_What to produce_: Beginning with the line that contains "Gold Star and Moon Plated Alloy Earrings", write out each remaining line of the records below exactly. Do not copy any picture.

───── Supplied material

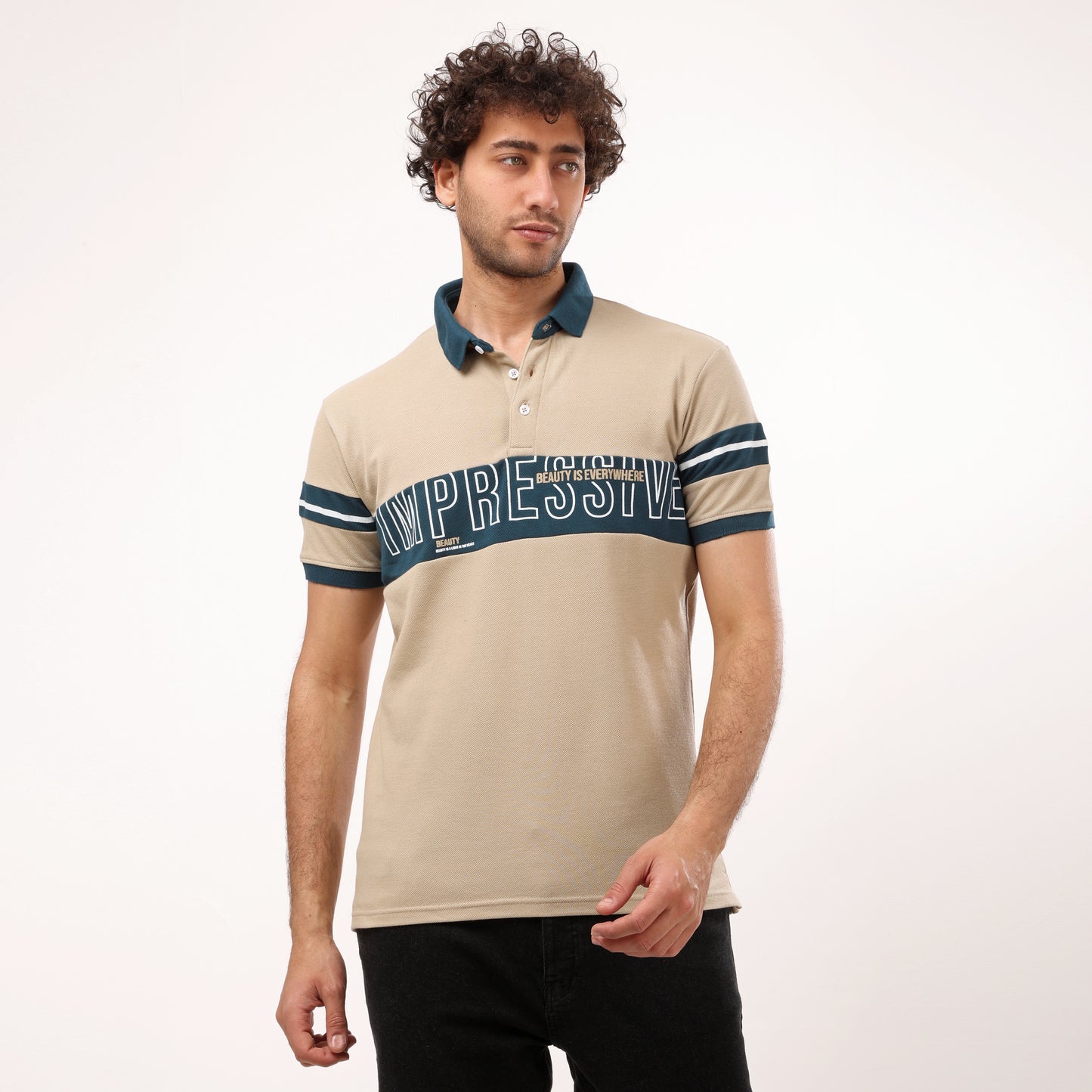 "Impressive" Half Sleeves Beige& Blue Regular Fit T- Shirt - 2bstylish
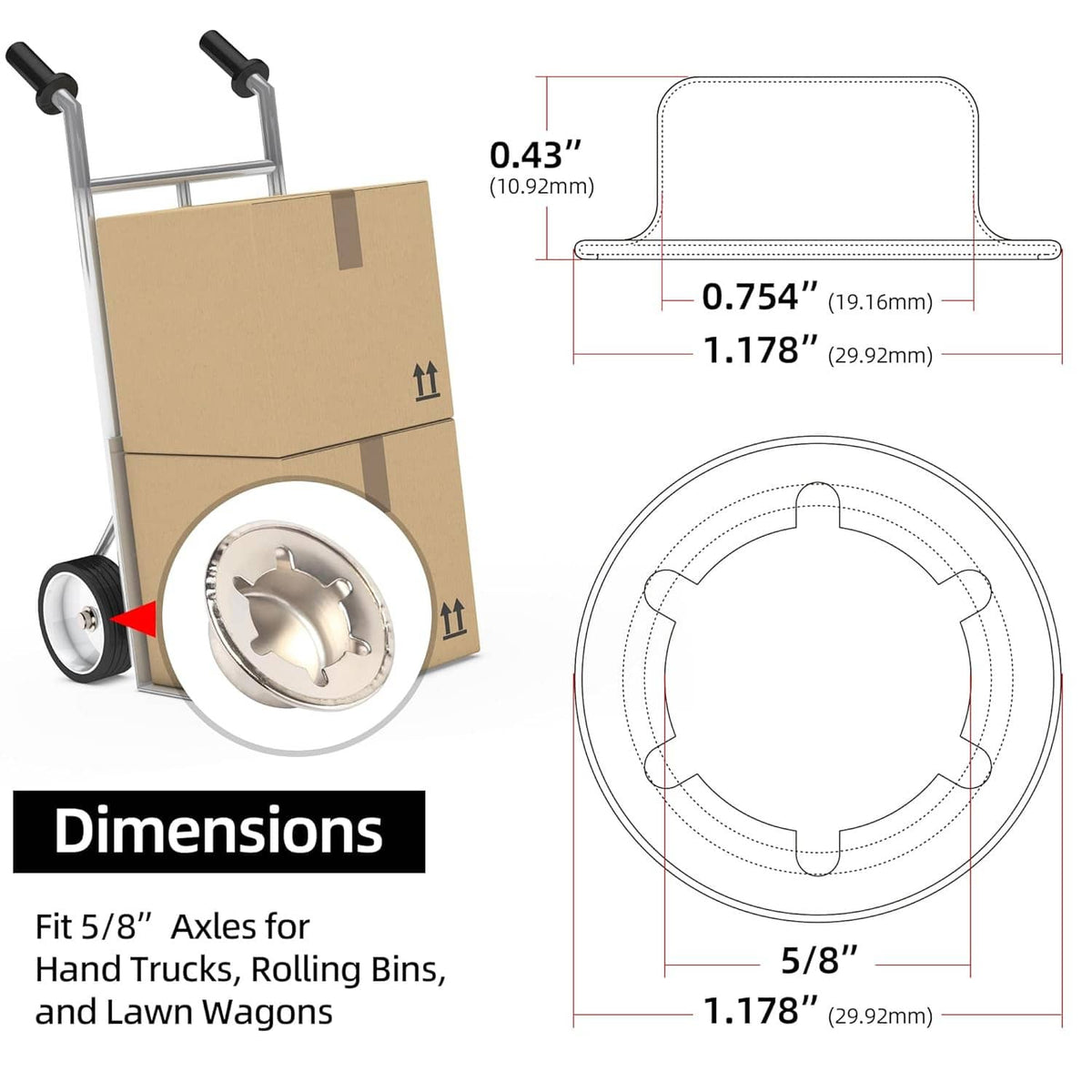 5/8 in axle cap size diagram with profile and top-view outline for fitting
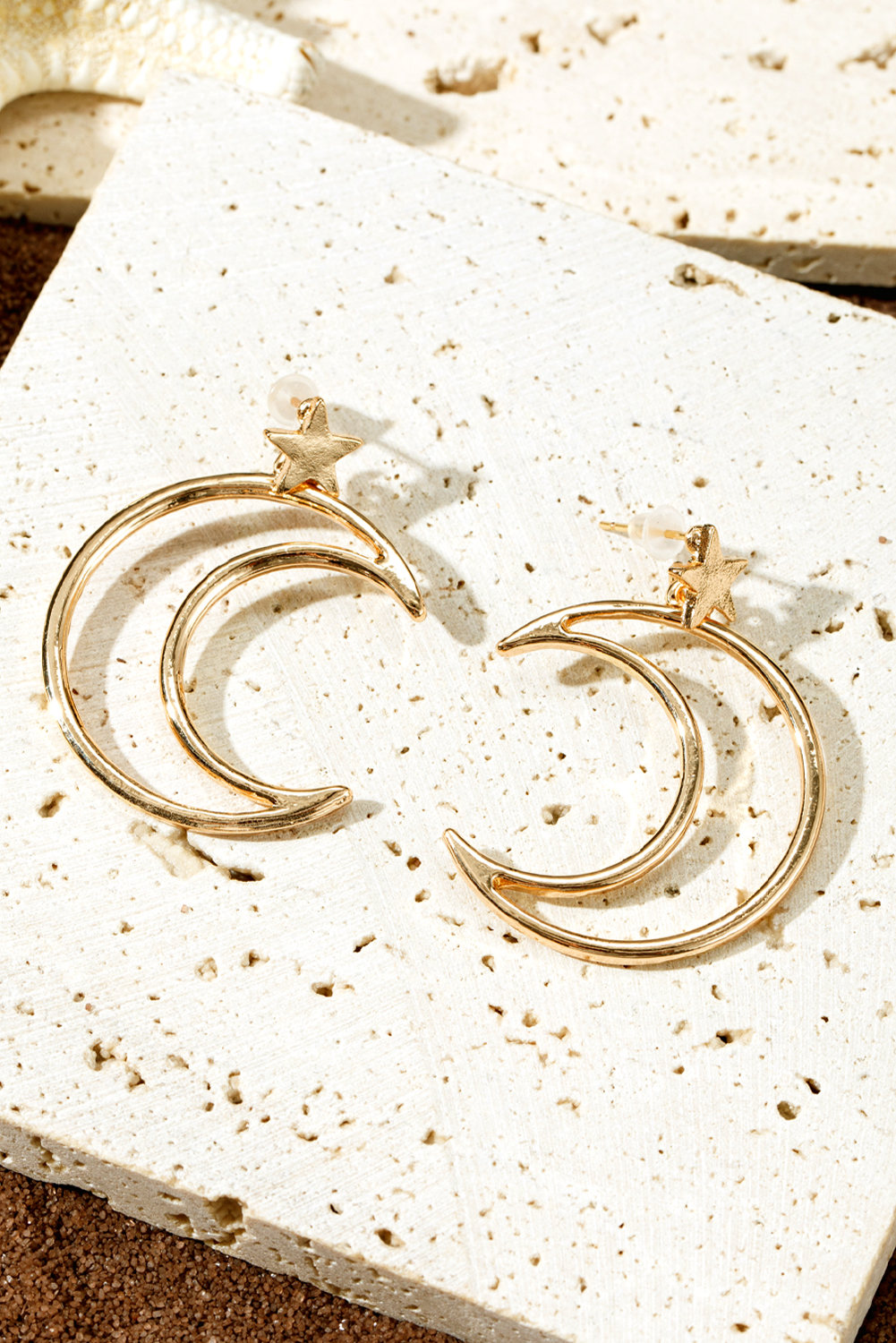 Gold Star and Moon Plated Alloy Earrings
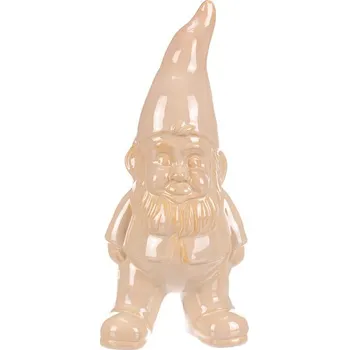 Zahradní dekorace Trpaslík - keramická soška, barva krémová Barva: Krémová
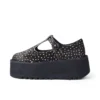 Kick T-Bar-Plateauschuhe für Damen, Leder, schwarz Kick T-Bar-Plateauschuhe für Damen, Leder, schwarz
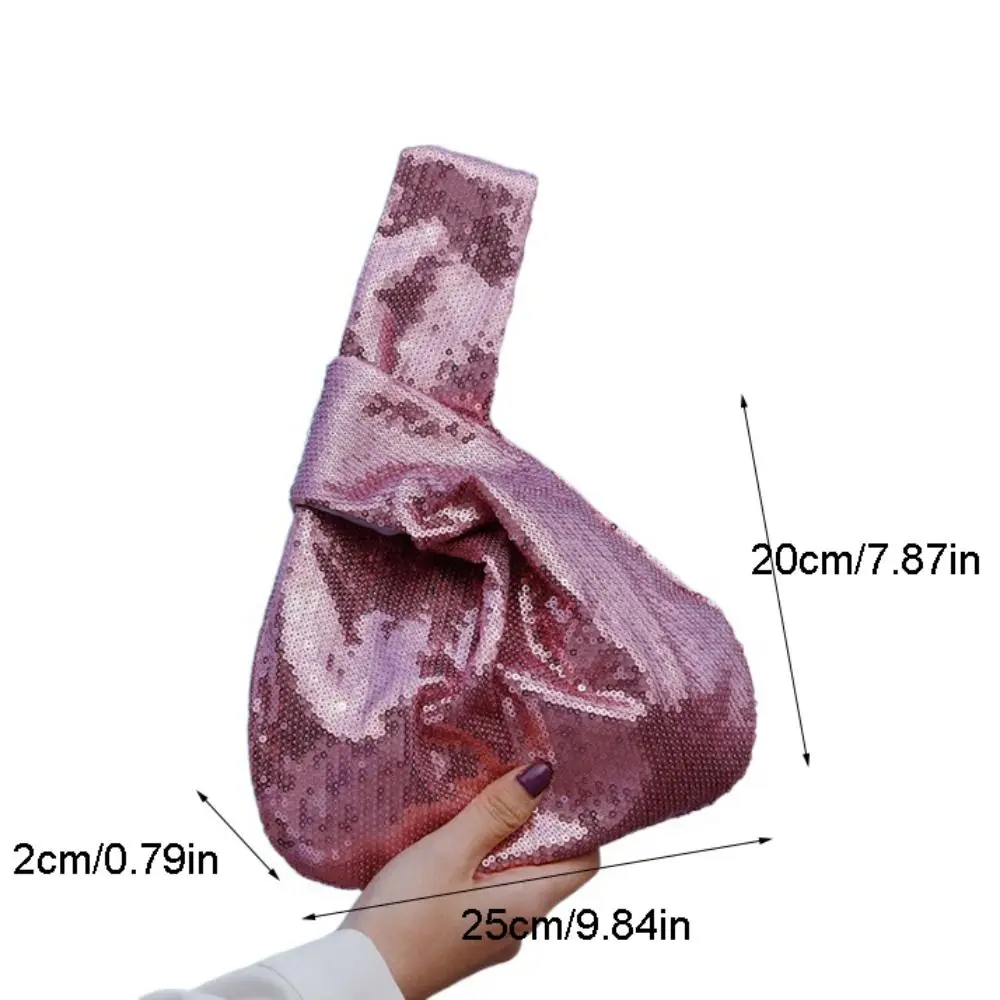 シンプルなグリッターノットリストバッグ韓国スタイルバケットバッグスパンコールハンドバッグ新年ギフト財布トートバッグレディース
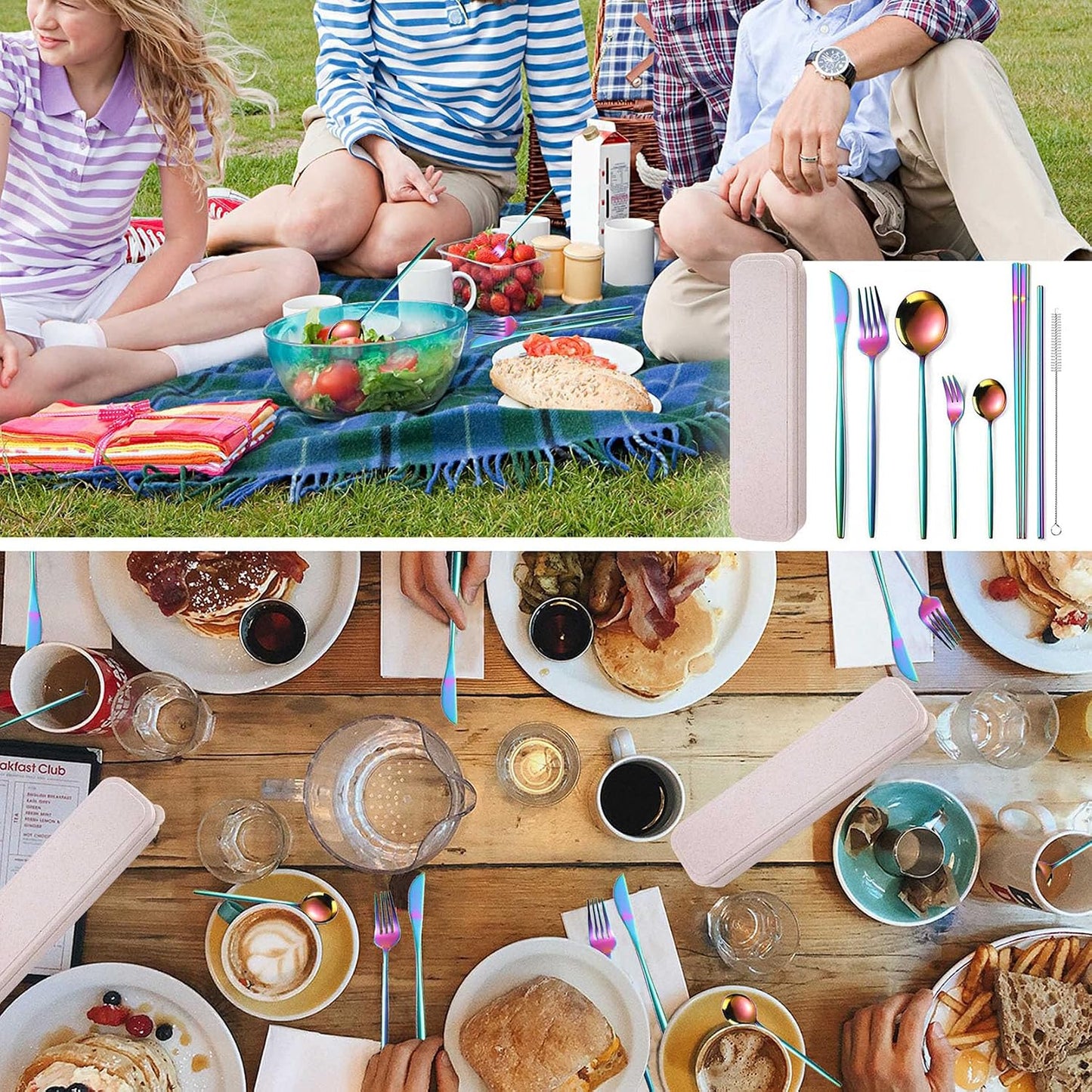 AARAINBOW 8 Pieces Stainless Steel Flatware Set Portable Reusable Cutlery Set Travel Utensils Set Including Chopsticks Knife Fork Spoon Straws Cleaning Brush Dishwasher Safe (Pink Golden)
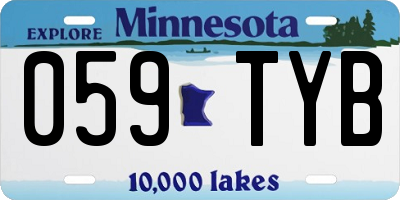 MN license plate 059TYB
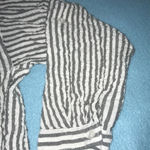 Max Studio striped gray and white collared 3/4 button up sleeves textured size S Photo 2
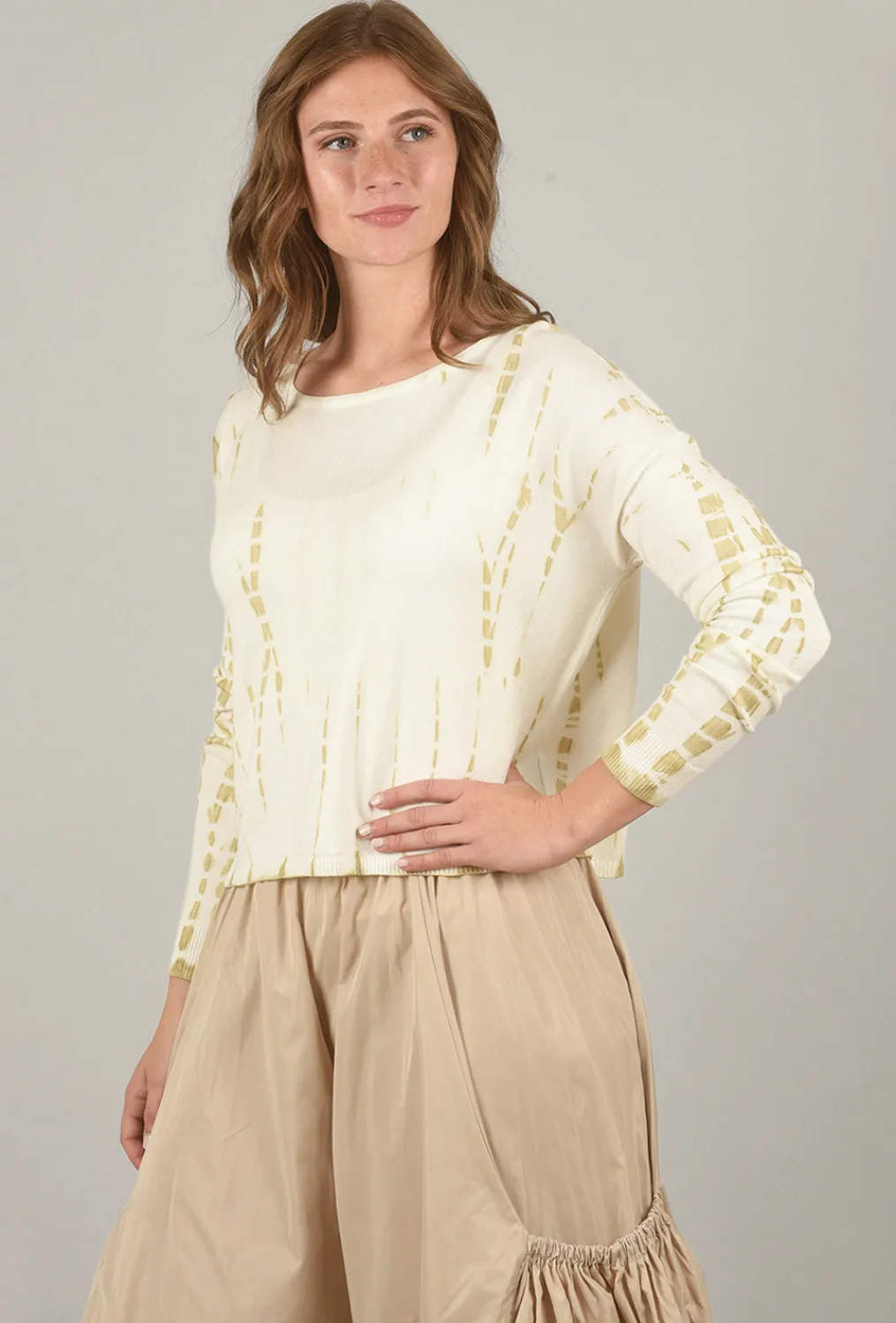 Best Evie Lou Mini Tie-Dye Sweater, White/Sand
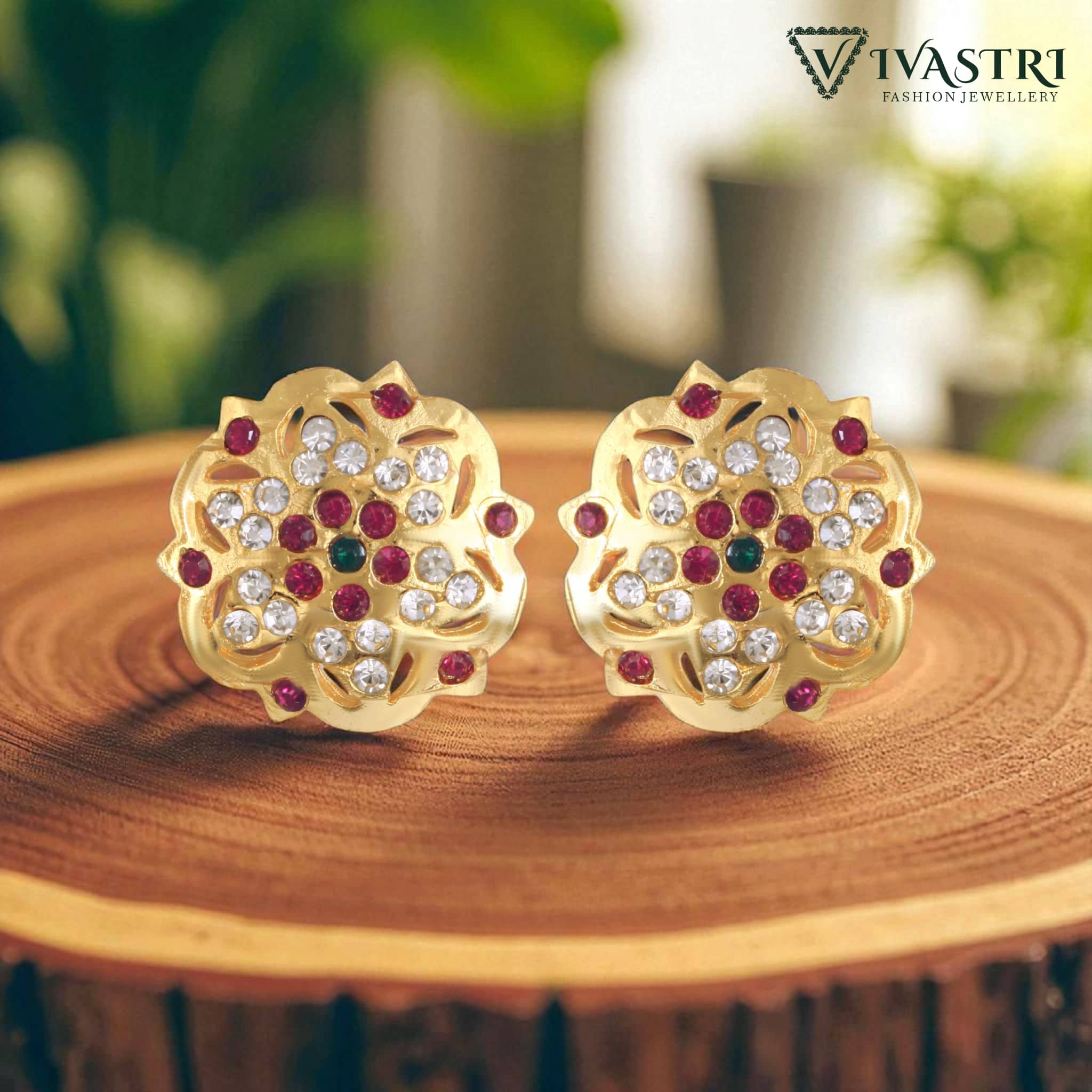 VIVASTRI Golden Stud Earrings ( Pack of 1 ) - Earrings | Buy online on ZillyBuy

──────────

_Task response_:
 Gold Star and Moon Plated Alloy Earrings
 Zahradní dekorace Trpaslík - keramická soška, barva krémová Barva: Krémová
 Kick T-Bar-Plateauschuhe für Damen, Leder, schwarz Kick T-Bar-Plateauschuhe für Damen, Leder, schwarz
 シンプルなグリッターノットリストバッグ韓国スタイルバケットバッグスパンコールハンドバッグ新年ギフト財布トートバッグレディース
 AARAINBOW 8 Pieces Stainless Steel Flatware Set Portable Reusable Cutlery Set Travel Utensils Set Including Chopsticks Knife Fork Spoon Straws Cleaning Brush Dishwasher Safe (Pink Golden)
 MN license plate 059TYB
 Max Studio striped gray and white collared 3/4 button up sleeves textured size S Photo 2
 Best Evie Lou Mini Tie-Dye Sweater, White/Sand
 VIVASTRI Golden Stud Earrings ( Pack of 1 ) - Earrings | Buy online on ZillyBuy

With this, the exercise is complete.